No professorship: There is a normal, non-scary life outside academia

In today's scientific world, the definition of a successful career is often associated with professorship. This goal is unfortunately only achieved by roughly 0.5-16% of those who pursue a PhD (https://lifesciencenetwork11.connectedcommunity.org/blogs/leah-cannon/2016/09/15/how-many-phd-graduates-become-professors).

While the percentage varies between scientific domains and countries, this apparent “limited success rate” is an important source of stress for many early-career researchers (ECRs), as illustrated by the vivid discussions that took place during the breakout group sessions organized during PAGES 3rd Young Scientists Meeting (YSM). While most participants acknowledged feeling – or having felt – this pressure, we all agreed that alternative ways outside academia can, and should, lead to equally successful careers. Unfortunately, we also came to the conclusion that our ideas of what these alternative ways might actually be were rather limited.

Figure 1: Sketch of the mental representation most ECRs have about their career path.

A large part of this stress or pressure comes from our limited perception of the “outside world”. During the PhD, most of us live in an academic bubble. We become so focused on our daily tasks that we forget about the non-academic world and sometimes even convince ourselves that academia is our only viable option (Fig. 1). This psychological barrier stems from not only a lack of knowledge about other worthwhile job opportunities, but also the stigmatism of choosing what feels like a “second-class” career. A perfect illustration of this came during a YSM discussion about children’s education.
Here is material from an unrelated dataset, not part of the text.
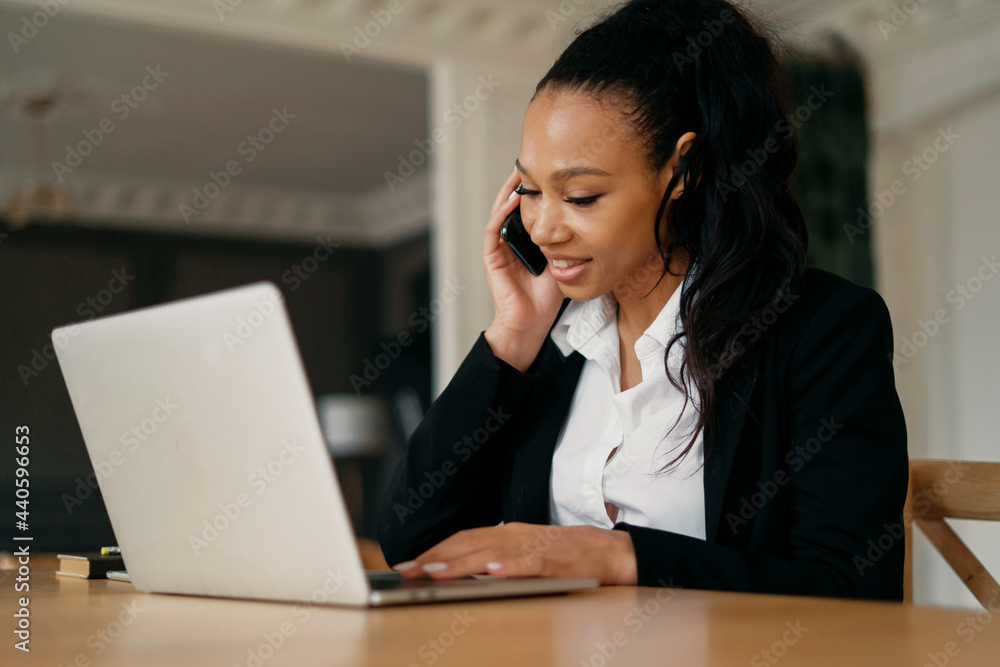 Businesswoman afro smiles manager working on laptop and tablet. The financier calls a project colleague on the phone. The lawyer sits in a modern rented office.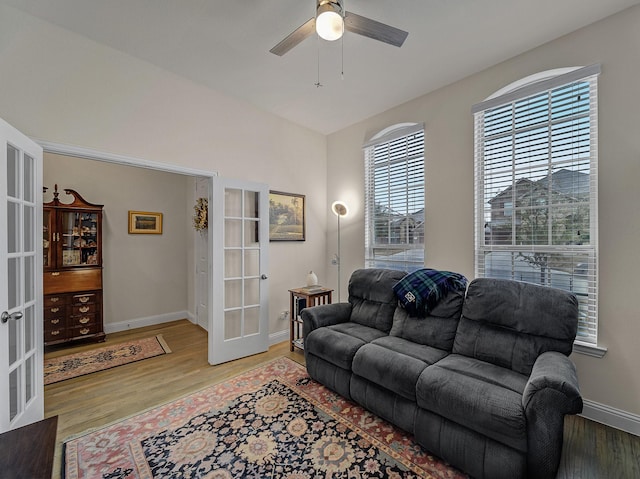 living area featuring french doors, a ceiling fan, light wood-type flooring, and baseboards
Although all members of the breakout group agreed that engaging children in environmental issues early on is critical to educate the next generation, it was also strikingly evident that leaving academia to become a teacher was perceived as a failure for most participants.

Most of us enjoy working in science because it is a challenging job, with short- and long-term objectives that necessitate a large spectrum of competences, such as using/developing technical and analytical skills, collaborating and/or managing people, planning, writing papers, developing projects, etc. But it is important to remember that all these skills are transferable and valuable outside academia.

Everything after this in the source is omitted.